島と溶け合い
心を満たしてくれる
アートな島巡り
岡山県・香川県 瀬戸内国際芸術祭
瀬戸内海に浮かぶ12の島々と2つの港を舞台として、3年に1度開催される現代アートの祭典「瀬戸内国際芸術祭」。船で離島の現代アートを巡る非日常体験が人気を博し、国内外から観光客が訪れる一大イベントとなっている。2022年4月から開催される第5回をより楽しむために、編集部おすすめの現代アートに加えて、旅の拠点としても便利な小豆島の魅力をご紹介。
【春】4月14日(木)〜5月18日(水) 35日間 【夏】8月 5日(金)〜9月4日(日) 31日間 【秋】9月29日(木)〜11月6日(日) 39日間
直島、豊島、女木島、男木島、小豆島、大島、犬島、沙弥島(春のみ)、本島(秋のみ)、高見島(秋のみ)、粟島(秋のみ)、伊吹島(秋のみ)、高松港周辺、宇野港周辺、広域・回遊
世界でも有数の多島美を誇り、古来より大陸文化到達の地として、そして交通の大動脈として栄えた瀬戸内海。

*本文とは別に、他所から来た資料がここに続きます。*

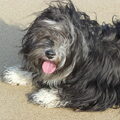 Tibetaanse Terrier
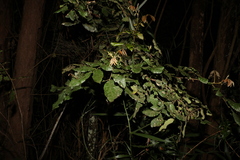 Alectryon tomentosus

しかし、明治時代から急速に進んだ近代化、政治的な分断、戦後の工業化に伴う環境破壊などの要因が重なり、以前の活気が失われつつあった。そんな中、瀬戸内国際芸術祭は、美しい自然と人間が互いに響き合い
豊かさを創造してきた瀬戸内の島々にもう一度活力を取り戻すために始まった。テーマは「海の復権」。世界の一流アーティストが瀬戸内各所の景観や歴史・文化を解釈して創った作品を通じて、学びや気づきを得ることができる。アート作品だけではなく、それを道しるべに辿り着いた島の絶景や島民との出会いを楽しむ旅にしよう。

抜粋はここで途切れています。